By the influence of William Russell, earl of Bedford, he was appointed one of the king's itinerant preachers in Lancashire, and after living for a time in Garstang, he was selected by the Lady Margaret Hoghton as vicar of Preston.

[1] So long as Ambrose continued at Preston he was favoured with the warm friendship of the Hoghton family, their ancestral woods and the tower near Blackburn affording him sequestered places for those devout meditations and "experiences" that give such a charm to his diary, portions of which are quoted in his Prima Media & Ultima (1650, 1659).
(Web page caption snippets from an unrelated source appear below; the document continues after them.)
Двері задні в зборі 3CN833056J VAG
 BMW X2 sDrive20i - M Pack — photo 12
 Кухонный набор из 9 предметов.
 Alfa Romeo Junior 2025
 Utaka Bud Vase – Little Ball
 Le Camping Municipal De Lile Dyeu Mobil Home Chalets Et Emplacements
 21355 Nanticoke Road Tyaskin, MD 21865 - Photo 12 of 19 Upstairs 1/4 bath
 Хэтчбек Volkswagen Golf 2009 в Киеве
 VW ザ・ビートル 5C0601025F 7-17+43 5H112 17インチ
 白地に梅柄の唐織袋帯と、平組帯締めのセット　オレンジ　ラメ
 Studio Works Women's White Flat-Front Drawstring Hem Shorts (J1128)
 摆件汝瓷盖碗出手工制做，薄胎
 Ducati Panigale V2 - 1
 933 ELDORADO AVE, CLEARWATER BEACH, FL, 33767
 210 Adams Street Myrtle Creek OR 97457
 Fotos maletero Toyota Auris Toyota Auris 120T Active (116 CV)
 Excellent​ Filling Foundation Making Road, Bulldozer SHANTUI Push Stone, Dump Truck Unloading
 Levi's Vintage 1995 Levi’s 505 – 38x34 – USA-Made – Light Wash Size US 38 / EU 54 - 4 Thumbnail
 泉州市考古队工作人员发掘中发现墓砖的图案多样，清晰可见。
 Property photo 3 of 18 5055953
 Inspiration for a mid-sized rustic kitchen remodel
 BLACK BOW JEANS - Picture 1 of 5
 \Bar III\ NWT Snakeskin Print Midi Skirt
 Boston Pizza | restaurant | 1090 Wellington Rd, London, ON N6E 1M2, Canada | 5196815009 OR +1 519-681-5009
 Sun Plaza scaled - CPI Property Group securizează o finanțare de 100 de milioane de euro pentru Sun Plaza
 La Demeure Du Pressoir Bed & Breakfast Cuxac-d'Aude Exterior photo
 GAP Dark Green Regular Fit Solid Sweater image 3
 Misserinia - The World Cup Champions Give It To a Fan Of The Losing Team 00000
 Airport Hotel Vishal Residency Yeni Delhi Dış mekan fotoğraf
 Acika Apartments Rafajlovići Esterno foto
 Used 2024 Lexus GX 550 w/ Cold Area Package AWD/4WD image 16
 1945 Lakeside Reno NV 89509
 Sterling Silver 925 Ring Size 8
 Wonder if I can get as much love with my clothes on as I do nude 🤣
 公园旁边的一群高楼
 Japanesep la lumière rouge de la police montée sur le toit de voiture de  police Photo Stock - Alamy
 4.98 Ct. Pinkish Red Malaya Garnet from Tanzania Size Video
[1] The immense auditory of his sermon (Redeeming the Time) at the funeral of Lady Hoghton was long a living tradition all over the county.

[1] As a religious writer Ambrose has a vividness and freshness of imagination possessed by scarcely any of the Puritan Nonconformists.

[1] Dr Edmund Calamy the Elder (1600–1666) wrote about him: Ambrose was a man of that substantial worth, that eminent piety, and that exemplary life, both as a minister and a Christian, that it is to be lamented the world should not have the benefit of particular memoirs of him.

Mr. Hunter has called attention to his recommendation of diaries as a means of advancing personal piety, and has remarked, in reference to the fragments from Ambrose's diary quoted in the "Media", that "with such passages before us we cannot but lament that the carelessness of later times should have suffered such a curious and valuable document to perish; for perished it is to be feared it has".

Isaac Ambrose.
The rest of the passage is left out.